APRIL 26 — I may believe in God, but I am heartily sick of hearing about religion in the Malaysian context.
The mismanagement of tahfiz schools and the poor treatment, tantamount to abuse, of children has been well documented.
And yet the abuse has not stopped. Instead of putting the children first, it spawns, instead, exercises in saving face and PR management.
Tahfiz children sexually assaulted, made to beg for money: these are not old stories. And yet, parents will not stop sending their children to these schools all for the sake of a golden ticket to heaven.
In my childhood, transgressions in school would occasionally mean a whack on a palm with a long ruler or with the handle of a rattan feather duster. Corporal punishment was the norm but the most a child could expect after would be a sore hand and a bruised ego.
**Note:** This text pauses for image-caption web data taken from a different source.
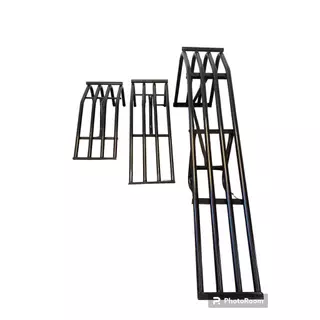 Rampa Para Carro e Moto Automotiva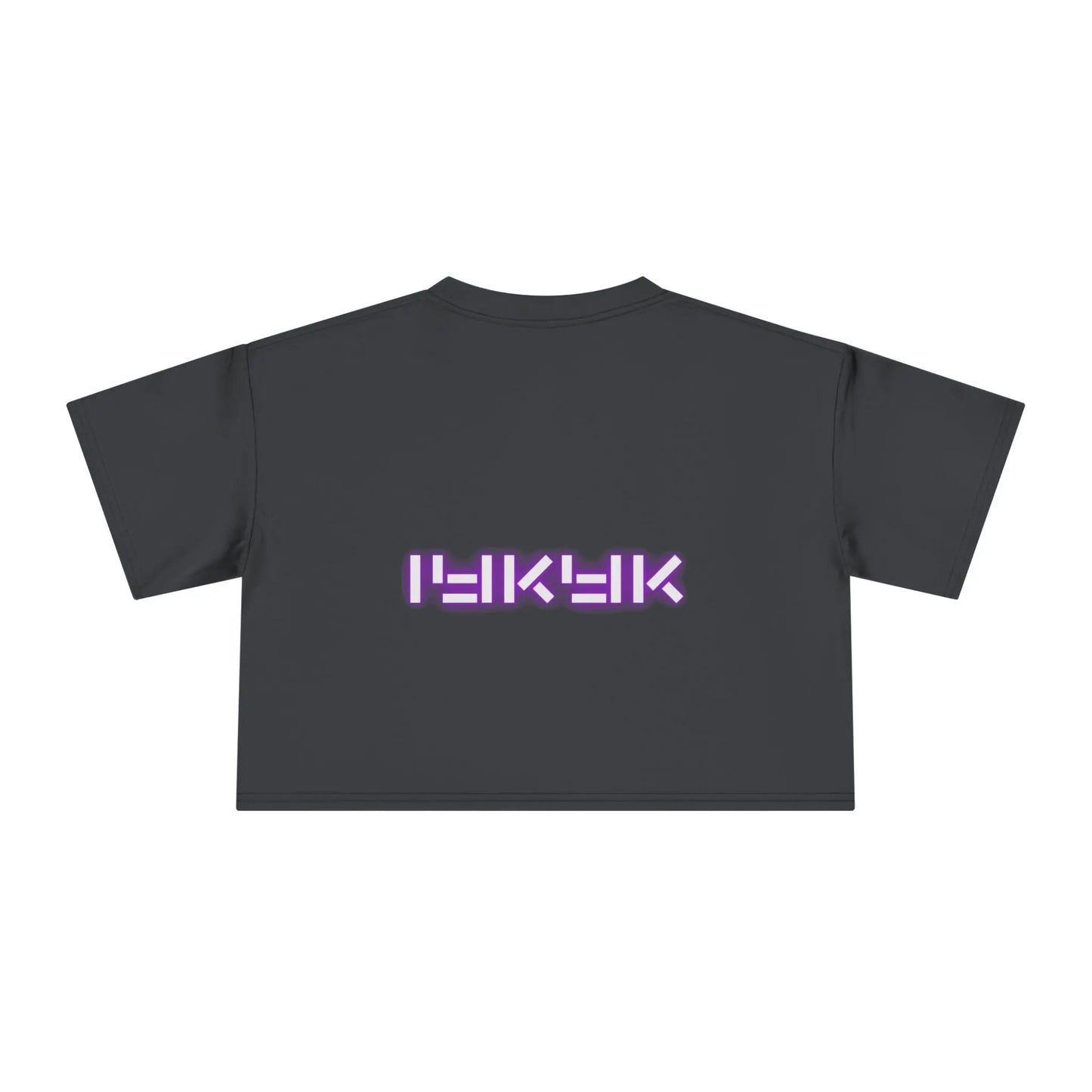 Sovereign Union Crop Tee Printify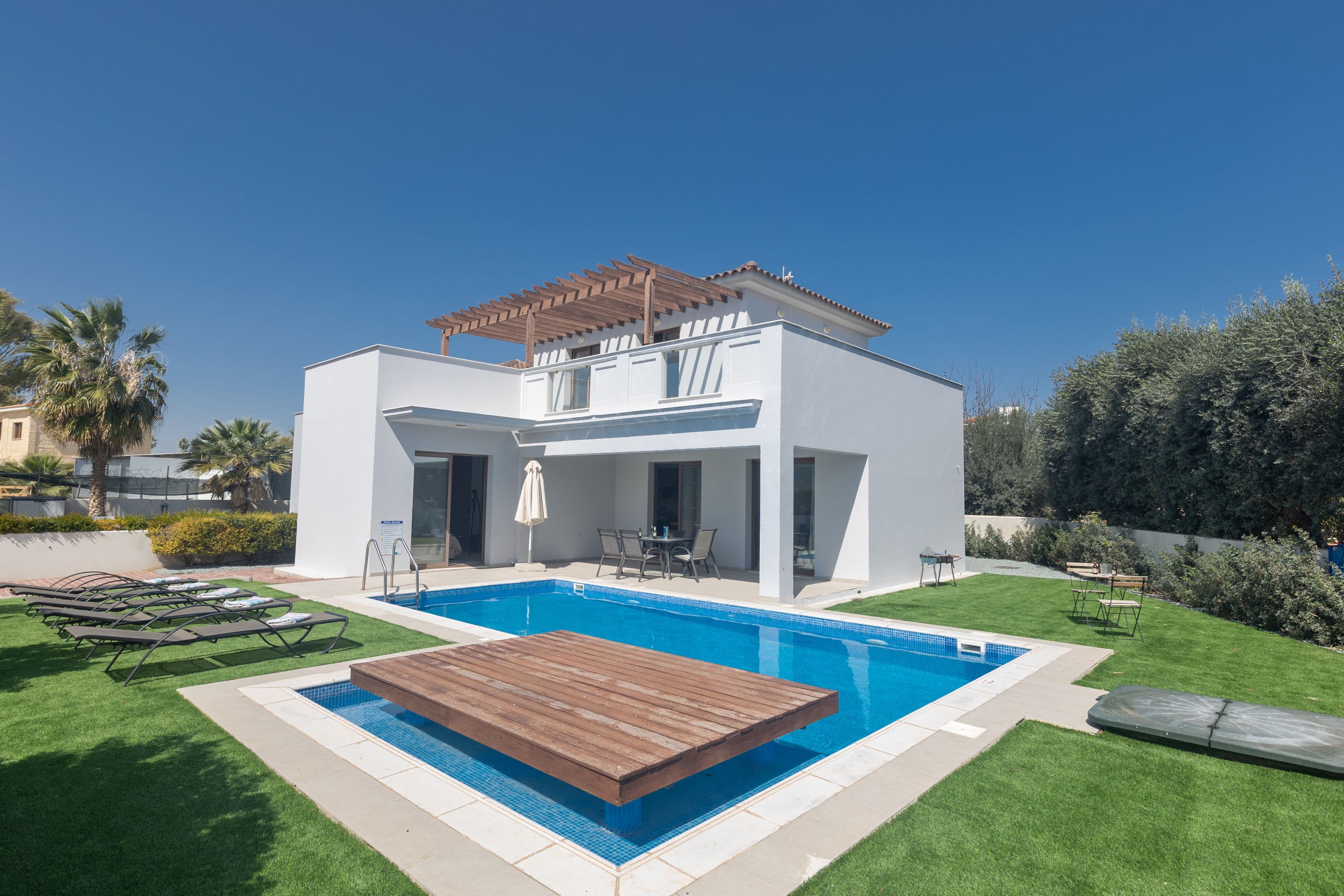 Villa Pearl, Ayia Napa, Cyprus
Still, I find corporal punishment a terrible thing to use. Sanctioned cruelty, dispensed pain, what are we teaching children really? That violence is perfectly acceptable under certain terms? That we can be taught not to harm others and yet that teaching is irrelevant when it comes to meting out discipline? Corporal punishment creates only confused children.
What baffles me is the double standards we have for government-run schools and tahfiz. As though the very nature of the schools themselves absolve them from all wrongdoing.
The purpose of an institution does not protect it from corruption.
But giving adults with no proper moral compass absolute power over children, who are separated from their guardians, no good will come from that.
There is a general naivete among our populace, a terribly widespread magical thinking. That prayer and putting God first will ensure a peaceful life and that any hardship or tragedy is either a test or the Devil's work.
It has gotten to the point I get annoyed with the people who have nothing to offer but an “I will pray for you.”
Pray all you want, but prayer should never be an end to itself. It is an accompaniment, it follows action.
Praying for these children hurt by institutions that should be caring for them is a beginning, not an end.
Ask the mothers what they need, what help they can be given as they tend to their hurt children. Ask the children what would help them feel safer. Money, shelter, counselling: all these things and not just a prayer.
I think we need to start learning to ask, in the aftermath of tragedies, what can I do?
All the prayer in the world can't fix all our broken children.
* This is the personal opinion of the columnist.